→ WORK REQUIRED
Please give back only the lines below from the one containing "Hochdach Einzelcarport für" to the one containing "Blusa color verde", each repeated word for word, both ends included.

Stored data
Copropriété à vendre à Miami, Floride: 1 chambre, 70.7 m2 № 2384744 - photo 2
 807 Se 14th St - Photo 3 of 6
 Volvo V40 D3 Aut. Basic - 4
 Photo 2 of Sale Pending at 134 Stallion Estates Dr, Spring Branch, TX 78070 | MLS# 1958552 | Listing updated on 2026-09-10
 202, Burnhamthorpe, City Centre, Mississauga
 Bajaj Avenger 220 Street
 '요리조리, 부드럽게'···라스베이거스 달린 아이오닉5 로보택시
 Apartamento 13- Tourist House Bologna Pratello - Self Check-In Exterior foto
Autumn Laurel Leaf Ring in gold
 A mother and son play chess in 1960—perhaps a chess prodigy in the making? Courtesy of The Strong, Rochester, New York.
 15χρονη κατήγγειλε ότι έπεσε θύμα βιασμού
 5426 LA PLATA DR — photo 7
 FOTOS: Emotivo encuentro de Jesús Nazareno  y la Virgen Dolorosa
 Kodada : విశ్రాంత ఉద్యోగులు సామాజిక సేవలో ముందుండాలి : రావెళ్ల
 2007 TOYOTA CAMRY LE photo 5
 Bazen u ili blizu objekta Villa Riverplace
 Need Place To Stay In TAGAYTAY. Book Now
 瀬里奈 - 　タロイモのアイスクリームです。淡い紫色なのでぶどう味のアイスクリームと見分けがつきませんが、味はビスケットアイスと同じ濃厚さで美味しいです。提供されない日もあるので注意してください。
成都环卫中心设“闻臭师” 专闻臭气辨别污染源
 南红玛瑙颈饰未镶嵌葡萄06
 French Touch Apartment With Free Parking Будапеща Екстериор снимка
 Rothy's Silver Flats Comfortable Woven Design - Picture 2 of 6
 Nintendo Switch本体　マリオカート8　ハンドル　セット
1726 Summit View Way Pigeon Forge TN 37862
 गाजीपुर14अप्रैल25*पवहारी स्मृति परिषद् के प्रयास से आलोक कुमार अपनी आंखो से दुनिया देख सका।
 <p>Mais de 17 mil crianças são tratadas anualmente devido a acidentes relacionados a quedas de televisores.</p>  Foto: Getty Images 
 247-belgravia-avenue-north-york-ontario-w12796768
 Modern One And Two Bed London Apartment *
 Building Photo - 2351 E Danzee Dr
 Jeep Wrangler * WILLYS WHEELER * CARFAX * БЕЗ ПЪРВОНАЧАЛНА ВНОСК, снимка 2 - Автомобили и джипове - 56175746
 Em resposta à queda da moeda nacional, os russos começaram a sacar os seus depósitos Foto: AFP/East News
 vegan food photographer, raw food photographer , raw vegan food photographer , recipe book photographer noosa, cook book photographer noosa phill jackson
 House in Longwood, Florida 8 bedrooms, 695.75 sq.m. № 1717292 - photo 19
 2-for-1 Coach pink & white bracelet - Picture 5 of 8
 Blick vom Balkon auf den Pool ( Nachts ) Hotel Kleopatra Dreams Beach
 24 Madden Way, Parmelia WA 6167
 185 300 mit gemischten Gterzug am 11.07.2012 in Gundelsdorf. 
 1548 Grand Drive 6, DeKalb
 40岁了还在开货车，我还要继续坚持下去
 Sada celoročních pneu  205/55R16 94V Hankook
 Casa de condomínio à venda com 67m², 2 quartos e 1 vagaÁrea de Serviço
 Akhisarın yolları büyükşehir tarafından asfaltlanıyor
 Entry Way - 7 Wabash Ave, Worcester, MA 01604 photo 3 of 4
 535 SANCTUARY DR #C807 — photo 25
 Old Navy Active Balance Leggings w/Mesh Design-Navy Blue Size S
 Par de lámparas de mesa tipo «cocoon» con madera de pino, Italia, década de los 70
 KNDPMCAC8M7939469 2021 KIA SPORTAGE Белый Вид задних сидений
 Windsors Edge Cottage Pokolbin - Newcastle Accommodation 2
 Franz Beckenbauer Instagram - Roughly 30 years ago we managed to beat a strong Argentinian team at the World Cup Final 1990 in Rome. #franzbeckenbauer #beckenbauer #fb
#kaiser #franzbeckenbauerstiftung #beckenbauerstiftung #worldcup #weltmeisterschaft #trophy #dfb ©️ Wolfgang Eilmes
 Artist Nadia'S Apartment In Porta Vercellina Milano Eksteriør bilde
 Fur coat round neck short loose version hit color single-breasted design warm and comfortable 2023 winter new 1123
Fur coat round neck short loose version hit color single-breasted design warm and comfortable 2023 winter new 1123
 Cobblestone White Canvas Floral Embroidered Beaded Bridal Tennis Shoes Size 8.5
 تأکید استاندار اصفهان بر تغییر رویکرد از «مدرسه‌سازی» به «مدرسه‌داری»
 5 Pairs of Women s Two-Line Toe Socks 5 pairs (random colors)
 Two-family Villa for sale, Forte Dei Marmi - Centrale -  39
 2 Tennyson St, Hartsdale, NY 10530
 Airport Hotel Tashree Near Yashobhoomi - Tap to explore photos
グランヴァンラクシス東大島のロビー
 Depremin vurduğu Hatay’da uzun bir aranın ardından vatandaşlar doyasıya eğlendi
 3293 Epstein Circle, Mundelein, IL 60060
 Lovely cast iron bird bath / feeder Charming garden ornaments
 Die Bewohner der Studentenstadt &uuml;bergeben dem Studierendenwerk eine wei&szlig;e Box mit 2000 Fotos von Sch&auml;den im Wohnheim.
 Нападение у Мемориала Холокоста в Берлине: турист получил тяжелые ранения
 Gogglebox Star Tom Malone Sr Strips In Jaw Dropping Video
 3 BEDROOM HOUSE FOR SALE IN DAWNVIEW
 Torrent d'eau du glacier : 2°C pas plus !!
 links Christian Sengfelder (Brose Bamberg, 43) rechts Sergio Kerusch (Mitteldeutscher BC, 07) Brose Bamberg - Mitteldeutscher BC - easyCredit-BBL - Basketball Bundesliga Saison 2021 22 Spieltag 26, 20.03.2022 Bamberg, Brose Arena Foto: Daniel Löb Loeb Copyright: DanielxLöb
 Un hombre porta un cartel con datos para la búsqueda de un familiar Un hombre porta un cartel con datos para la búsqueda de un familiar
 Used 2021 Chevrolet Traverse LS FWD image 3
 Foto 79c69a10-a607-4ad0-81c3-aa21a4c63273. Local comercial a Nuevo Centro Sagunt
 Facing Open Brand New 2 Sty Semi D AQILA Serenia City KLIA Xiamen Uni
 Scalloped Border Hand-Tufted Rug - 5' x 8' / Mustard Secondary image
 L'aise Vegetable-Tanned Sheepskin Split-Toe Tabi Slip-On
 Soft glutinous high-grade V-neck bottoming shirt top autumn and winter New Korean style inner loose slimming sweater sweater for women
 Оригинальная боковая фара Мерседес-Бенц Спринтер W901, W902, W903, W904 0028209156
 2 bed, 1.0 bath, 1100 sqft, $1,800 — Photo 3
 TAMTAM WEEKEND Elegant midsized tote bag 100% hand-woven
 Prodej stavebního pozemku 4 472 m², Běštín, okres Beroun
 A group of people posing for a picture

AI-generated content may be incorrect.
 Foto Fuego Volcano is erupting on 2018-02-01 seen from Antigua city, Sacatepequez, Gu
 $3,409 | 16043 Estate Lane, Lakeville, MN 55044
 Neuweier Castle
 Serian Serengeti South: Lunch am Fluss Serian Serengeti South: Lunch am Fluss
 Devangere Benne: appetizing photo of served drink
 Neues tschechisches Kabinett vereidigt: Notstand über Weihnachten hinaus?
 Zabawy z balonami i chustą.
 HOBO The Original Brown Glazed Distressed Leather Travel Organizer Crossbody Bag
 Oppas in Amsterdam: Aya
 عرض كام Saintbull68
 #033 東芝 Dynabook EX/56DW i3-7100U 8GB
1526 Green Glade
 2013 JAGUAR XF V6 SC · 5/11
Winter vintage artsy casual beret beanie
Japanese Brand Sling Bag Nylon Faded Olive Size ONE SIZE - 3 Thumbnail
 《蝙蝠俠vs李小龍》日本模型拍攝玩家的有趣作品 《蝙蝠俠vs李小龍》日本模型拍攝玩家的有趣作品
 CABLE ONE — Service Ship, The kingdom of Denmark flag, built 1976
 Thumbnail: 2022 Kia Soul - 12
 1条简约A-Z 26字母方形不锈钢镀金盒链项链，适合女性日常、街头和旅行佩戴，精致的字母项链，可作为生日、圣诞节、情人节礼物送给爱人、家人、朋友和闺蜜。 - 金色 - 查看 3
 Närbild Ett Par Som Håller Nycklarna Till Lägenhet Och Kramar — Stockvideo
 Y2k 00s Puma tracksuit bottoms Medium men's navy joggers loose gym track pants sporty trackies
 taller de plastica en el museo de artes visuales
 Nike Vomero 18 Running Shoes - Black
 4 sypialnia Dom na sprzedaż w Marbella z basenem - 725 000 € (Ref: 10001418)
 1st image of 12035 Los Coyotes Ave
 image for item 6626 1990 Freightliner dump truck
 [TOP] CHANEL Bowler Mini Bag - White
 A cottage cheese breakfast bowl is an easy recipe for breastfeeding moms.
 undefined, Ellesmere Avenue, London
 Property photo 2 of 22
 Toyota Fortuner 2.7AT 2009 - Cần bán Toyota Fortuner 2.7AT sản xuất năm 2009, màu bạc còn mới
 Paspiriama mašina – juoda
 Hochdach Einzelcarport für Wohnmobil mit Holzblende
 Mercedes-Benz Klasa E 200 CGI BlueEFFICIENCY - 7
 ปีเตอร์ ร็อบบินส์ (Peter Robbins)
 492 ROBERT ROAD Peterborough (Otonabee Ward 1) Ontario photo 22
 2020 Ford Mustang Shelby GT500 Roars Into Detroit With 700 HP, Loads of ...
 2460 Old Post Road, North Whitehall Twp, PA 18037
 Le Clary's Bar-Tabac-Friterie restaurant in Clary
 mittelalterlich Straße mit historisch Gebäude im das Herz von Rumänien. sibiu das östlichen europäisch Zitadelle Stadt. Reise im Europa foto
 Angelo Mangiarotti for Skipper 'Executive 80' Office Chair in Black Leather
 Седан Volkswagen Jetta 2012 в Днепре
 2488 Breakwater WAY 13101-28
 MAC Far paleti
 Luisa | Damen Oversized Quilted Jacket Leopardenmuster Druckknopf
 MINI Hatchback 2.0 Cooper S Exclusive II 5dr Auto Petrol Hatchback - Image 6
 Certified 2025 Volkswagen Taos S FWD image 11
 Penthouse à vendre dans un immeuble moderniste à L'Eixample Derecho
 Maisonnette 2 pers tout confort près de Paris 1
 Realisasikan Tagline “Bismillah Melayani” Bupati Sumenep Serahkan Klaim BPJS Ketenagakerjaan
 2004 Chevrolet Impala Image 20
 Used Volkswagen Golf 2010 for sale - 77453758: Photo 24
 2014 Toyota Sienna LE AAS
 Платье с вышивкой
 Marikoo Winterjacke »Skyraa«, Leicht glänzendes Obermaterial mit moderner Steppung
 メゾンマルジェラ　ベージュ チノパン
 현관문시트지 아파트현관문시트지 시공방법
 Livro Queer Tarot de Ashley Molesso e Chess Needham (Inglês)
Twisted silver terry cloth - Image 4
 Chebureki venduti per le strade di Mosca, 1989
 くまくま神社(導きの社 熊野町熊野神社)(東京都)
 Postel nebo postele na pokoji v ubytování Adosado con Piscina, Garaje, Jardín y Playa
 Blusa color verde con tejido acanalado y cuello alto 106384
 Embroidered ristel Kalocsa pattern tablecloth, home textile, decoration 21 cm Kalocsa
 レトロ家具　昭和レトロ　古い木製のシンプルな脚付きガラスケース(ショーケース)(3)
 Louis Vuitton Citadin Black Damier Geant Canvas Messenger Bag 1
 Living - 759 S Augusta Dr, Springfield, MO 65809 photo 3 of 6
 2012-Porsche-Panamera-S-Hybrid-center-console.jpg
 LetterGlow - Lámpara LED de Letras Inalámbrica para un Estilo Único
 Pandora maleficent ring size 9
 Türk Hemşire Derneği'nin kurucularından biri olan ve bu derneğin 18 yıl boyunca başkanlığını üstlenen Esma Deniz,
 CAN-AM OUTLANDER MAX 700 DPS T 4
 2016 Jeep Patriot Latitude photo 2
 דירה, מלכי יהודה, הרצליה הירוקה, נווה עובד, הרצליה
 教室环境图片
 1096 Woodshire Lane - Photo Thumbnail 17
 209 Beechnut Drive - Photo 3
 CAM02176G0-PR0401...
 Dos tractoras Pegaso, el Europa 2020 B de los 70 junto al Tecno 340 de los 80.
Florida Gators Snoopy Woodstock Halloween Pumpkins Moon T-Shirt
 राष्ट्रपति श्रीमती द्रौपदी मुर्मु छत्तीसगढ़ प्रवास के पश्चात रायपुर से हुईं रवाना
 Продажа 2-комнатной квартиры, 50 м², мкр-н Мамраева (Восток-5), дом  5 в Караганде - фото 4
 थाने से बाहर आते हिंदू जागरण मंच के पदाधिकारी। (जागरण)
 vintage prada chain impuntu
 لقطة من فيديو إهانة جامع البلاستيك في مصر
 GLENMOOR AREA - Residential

→ OUTPUT FOR THIS EXERCISE
 Hochdach Einzelcarport für Wohnmobil mit Holzblende
 Mercedes-Benz Klasa E 200 CGI BlueEFFICIENCY - 7
 ปีเตอร์ ร็อบบินส์ (Peter Robbins)
 492 ROBERT ROAD Peterborough (Otonabee Ward 1) Ontario photo 22
 2020 Ford Mustang Shelby GT500 Roars Into Detroit With 700 HP, Loads of ...
 2460 Old Post Road, North Whitehall Twp, PA 18037
 Le Clary's Bar-Tabac-Friterie restaurant in Clary
 mittelalterlich Straße mit historisch Gebäude im das Herz von Rumänien. sibiu das östlichen europäisch Zitadelle Stadt. Reise im Europa foto
 Angelo Mangiarotti for Skipper 'Executive 80' Office Chair in Black Leather
 Седан Volkswagen Jetta 2012 в Днепре
 2488 Breakwater WAY 13101-28
 MAC Far paleti
 Luisa | Damen Oversized Quilted Jacket Leopardenmuster Druckknopf
 MINI Hatchback 2.0 Cooper S Exclusive II 5dr Auto Petrol Hatchback - Image 6
 Certified 2025 Volkswagen Taos S FWD image 11
 Penthouse à vendre dans un immeuble moderniste à L'Eixample Derecho
 Maisonnette 2 pers tout confort près de Paris 1
 Realisasikan Tagline “Bismillah Melayani” Bupati Sumenep Serahkan Klaim BPJS Ketenagakerjaan
 2004 Chevrolet Impala Image 20
 Used Volkswagen Golf 2010 for sale - 77453758: Photo 24
 2014 Toyota Sienna LE AAS
 Платье с вышивкой
 Marikoo Winterjacke »Skyraa«, Leicht glänzendes Obermaterial mit moderner Steppung
 メゾンマルジェラ　ベージュ チノパン
 현관문시트지 아파트현관문시트지 시공방법
 Livro Queer Tarot de Ashley Molesso e Chess Needham (Inglês)
Twisted silver terry cloth - Image 4
 Chebureki venduti per le strade di Mosca, 1989
 くまくま神社(導きの社 熊野町熊野神社)(東京都)
 Postel nebo postele na pokoji v ubytování Adosado con Piscina, Garaje, Jardín y Playa
 Blusa color verde con tejido acanalado y cuello alto 106384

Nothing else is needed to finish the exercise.